Look below for the line containing "Una mesa con". Write out that line and the rest through the last one, exactly as they appear, but without pictures.

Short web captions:
== Segment start ==

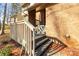 Brick steps leading up to a wooden deck, offering access to the home at 69 Honeysuckle Woods, Clover, SC 29710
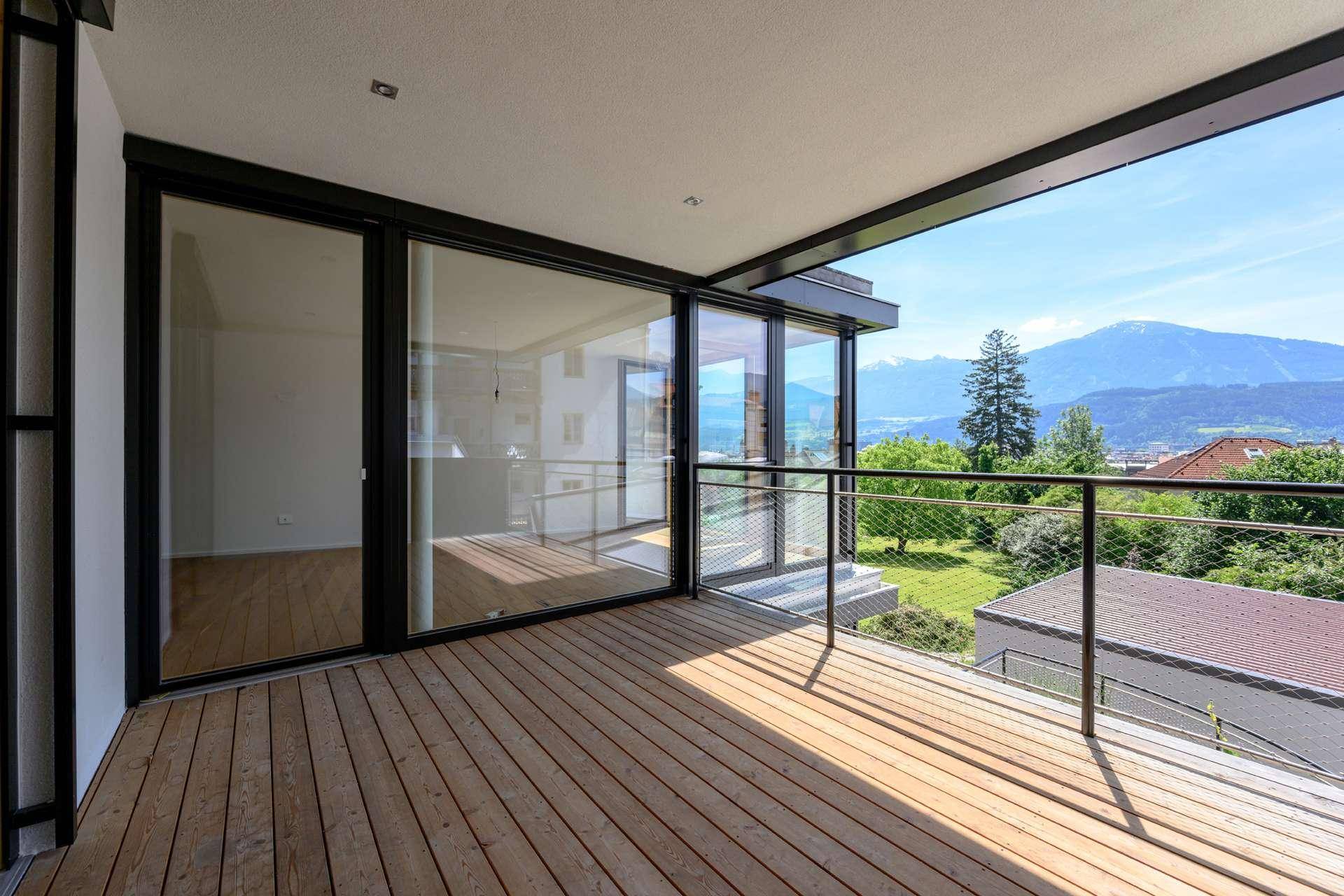 Geräumiger Balkon mit Holzdielen und Glasgeländer, bietet einen beeindruckenden Blick auf die umliegende Berglandschaft.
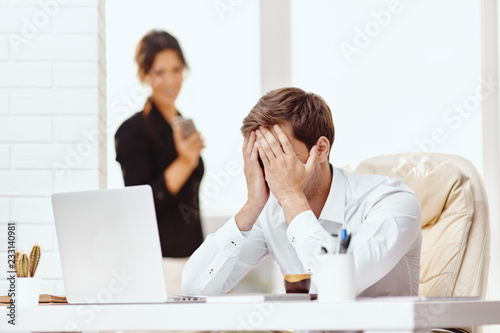 Caucasion man and woman working together in a modern office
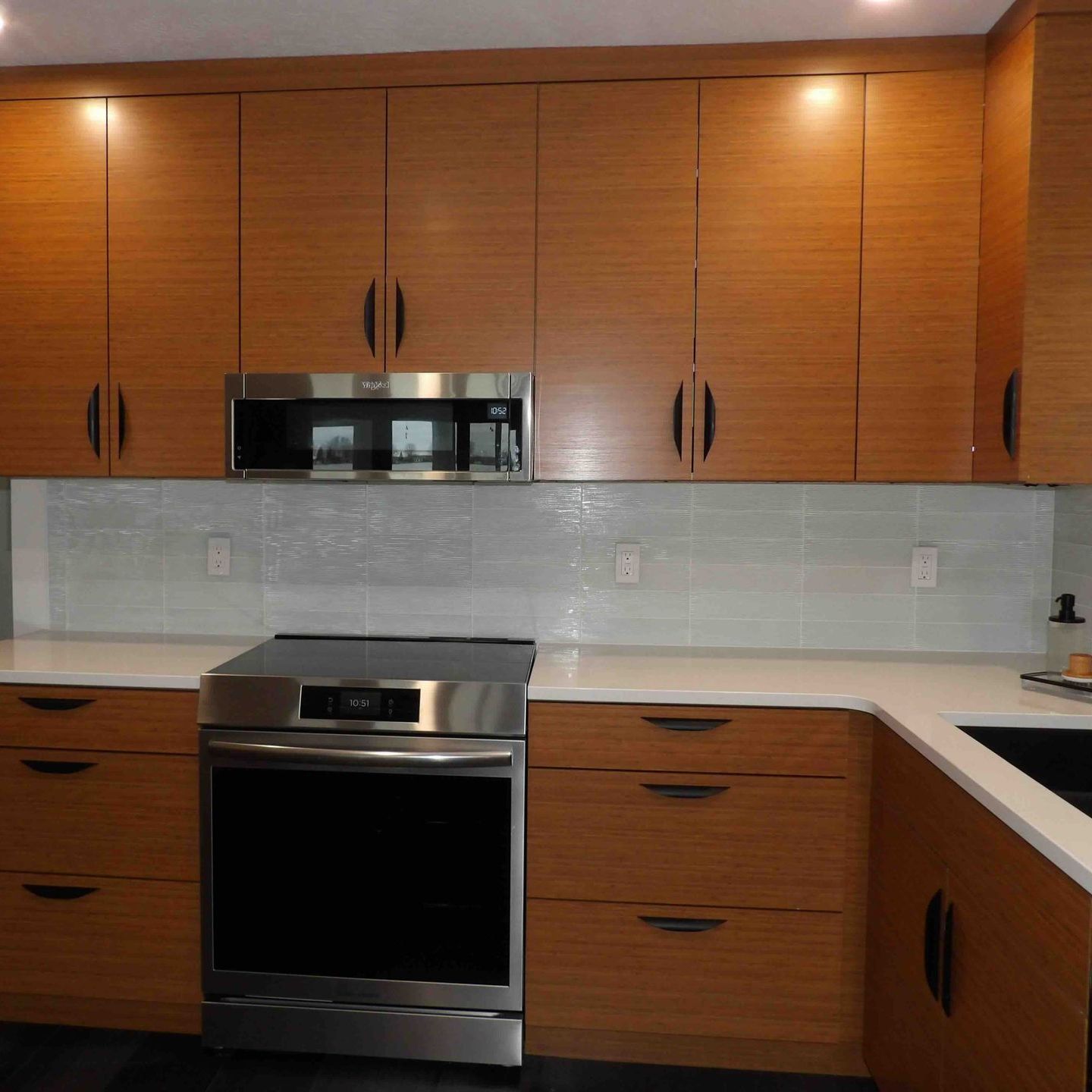 A kitchen with wooden cabinets and stainless steel appliances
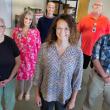 Pen Bay and Waldo Community Health Workers: Front row, from left: Fran Butler; Breanne Bucka; and Quinn Pickett. Middle row, from left: Melissa Crowley and Richard “Dick” Morin. Back row: Adi Govinda Dasa. (Photo courtesy MaineHealth)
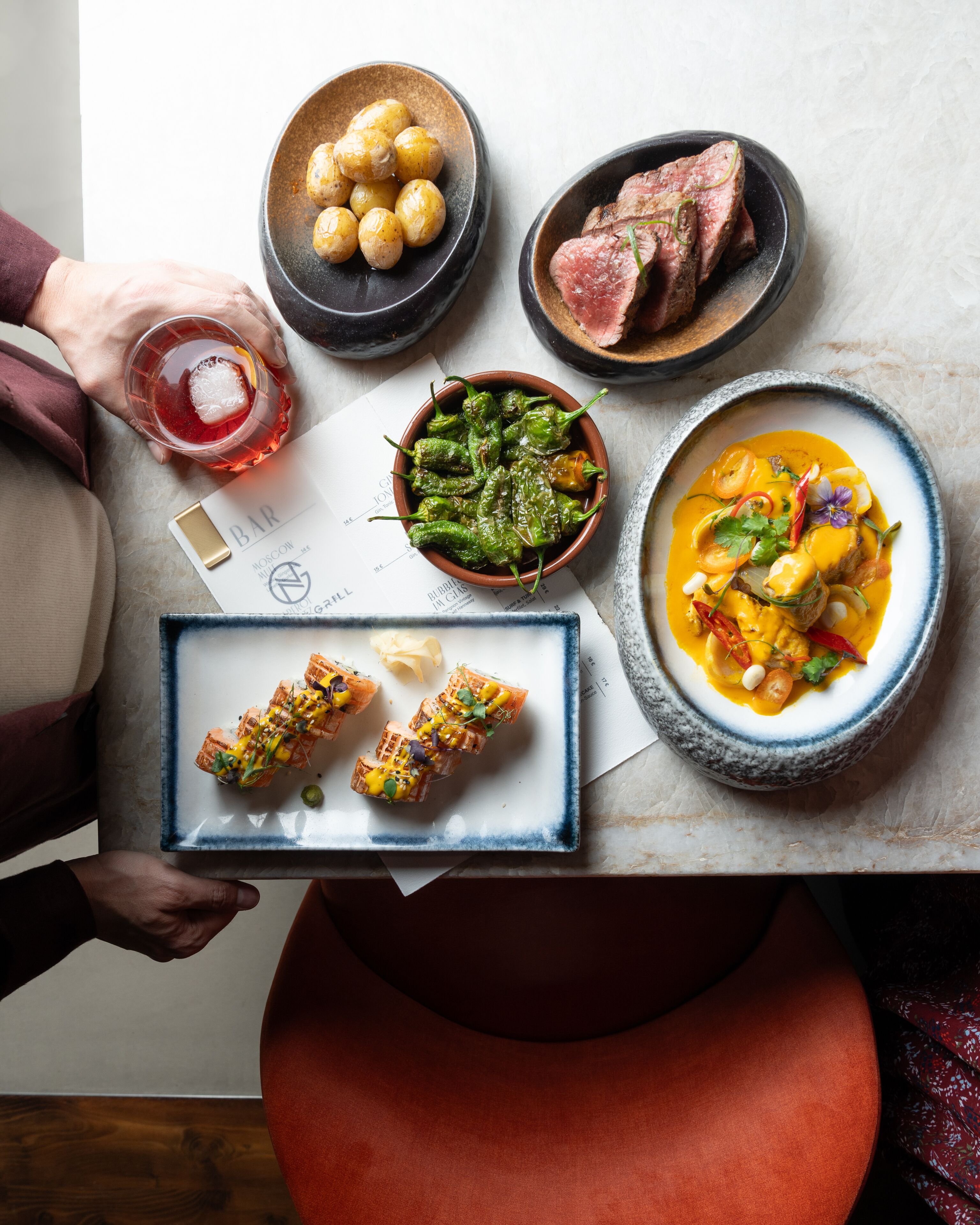 Una mesa con diversos platos, incluyendo un tazón de pimientos verdes, un tazón de papas, un plato de carne asada y un tazón de sopa.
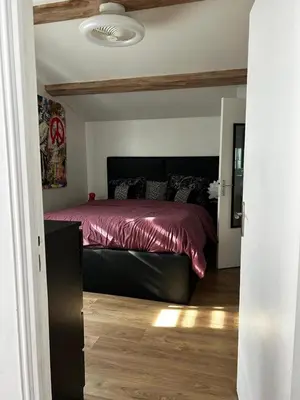 a bedroom with a bed with a red comforter at Le cabanon du Cannet in Le Cannet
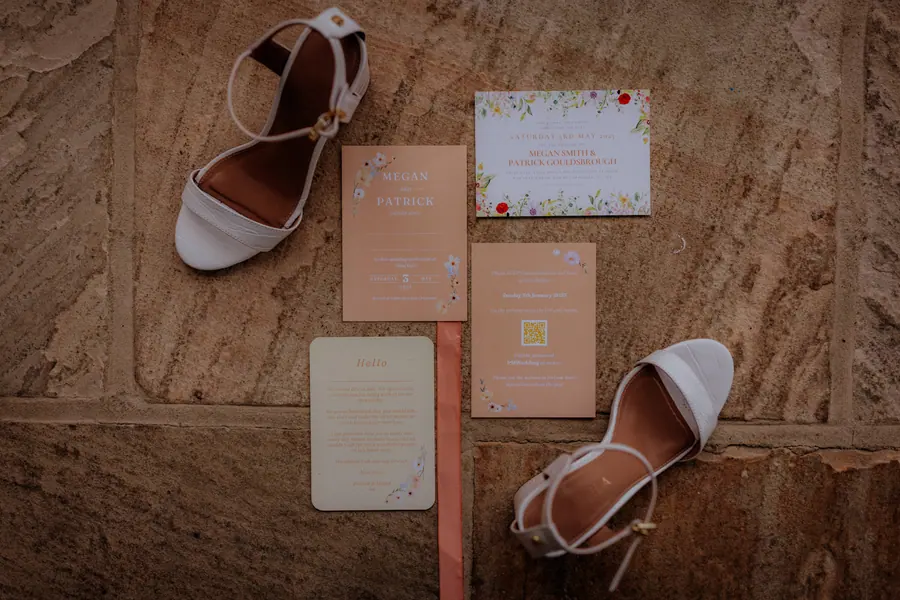 White shoes and peach stationery arranged across the wooden floor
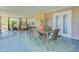 Enclosed lanai offering a dining area and additional seating with tranquil outdoor views at 4147 Augustine Ave, Sarasota, FL 34231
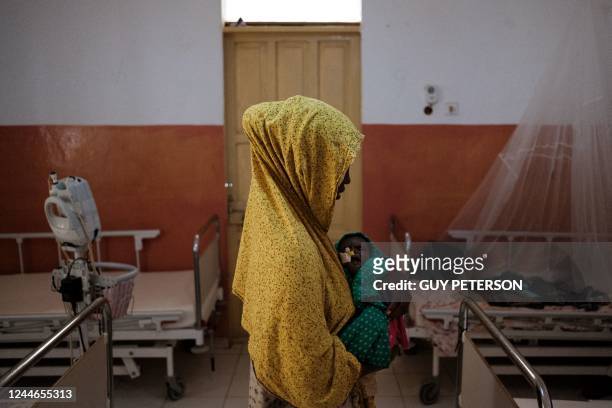 Mother cradles her child suffering from severe malnutrition in the ICU of Bay Regional Hospital in Baidoa, Somalia on November 9, 2022. - After four...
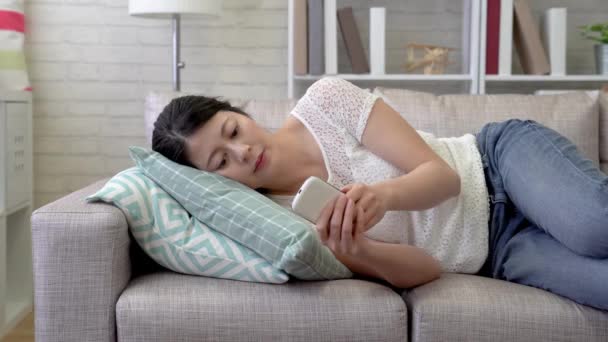 Sleepy Asian Woman Lying Sofa Just Received Some Rude Annoying — Stock Video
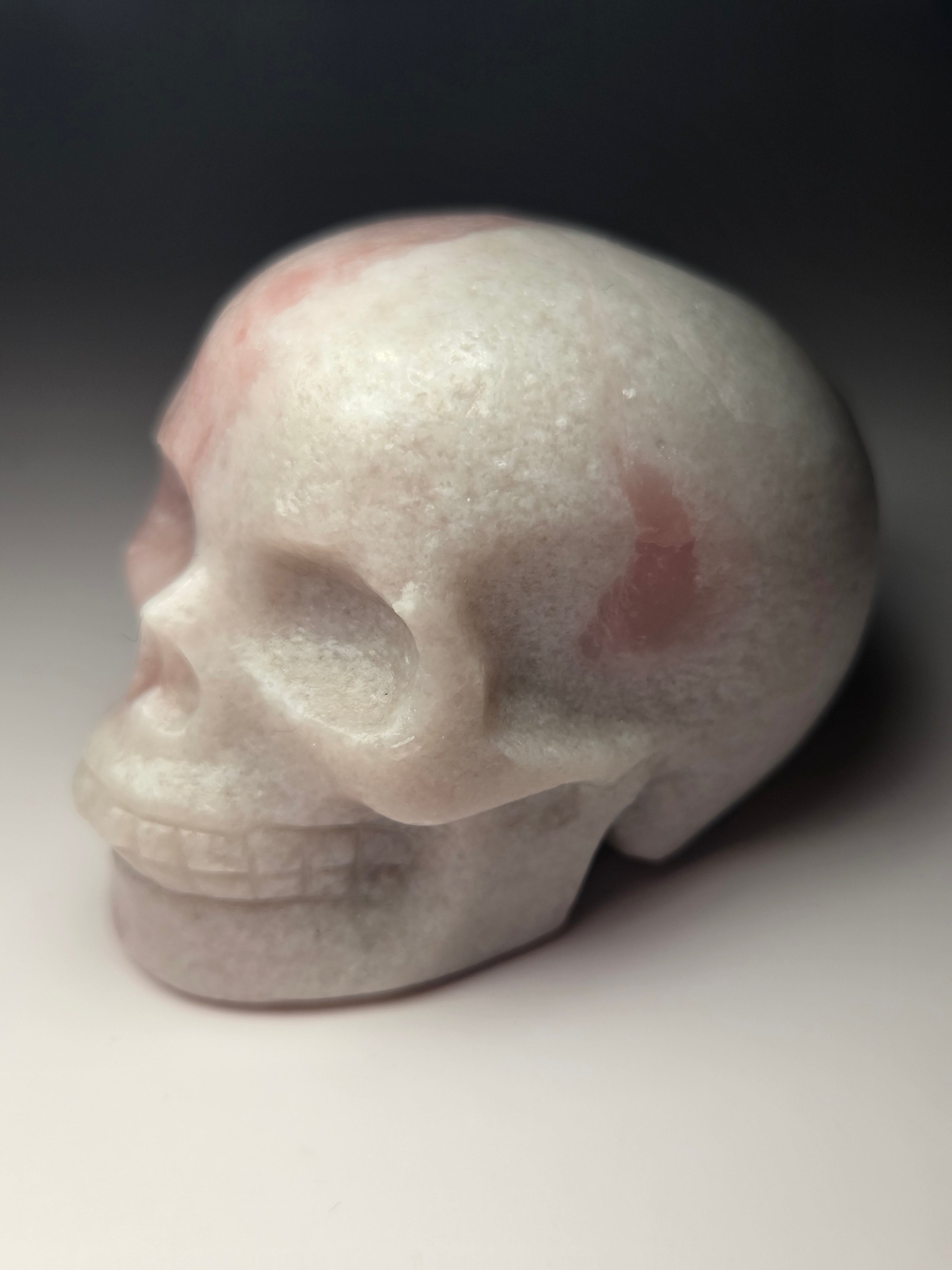 Pink opal  crystal skull carving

== Segment end ==

RESPONSE BOX:
 Una mesa con diversos platos, incluyendo un tazón de pimientos verdes, un tazón de papas, un plato de carne asada y un tazón de sopa.
 a bedroom with a bed with a red comforter at Le cabanon du Cannet in Le Cannet
 White shoes and peach stationery arranged across the wooden floor
 Enclosed lanai offering a dining area and additional seating with tranquil outdoor views at 4147 Augustine Ave, Sarasota, FL 34231
 Mother cradles her child suffering from severe malnutrition in the ICU of Bay Regional Hospital in Baidoa, Somalia on November 9, 2022. - After four...
 Sleepy Asian Woman Lying Sofa Just Received Some Rude Annoying — Stock Video
 Pink opal  crystal skull carving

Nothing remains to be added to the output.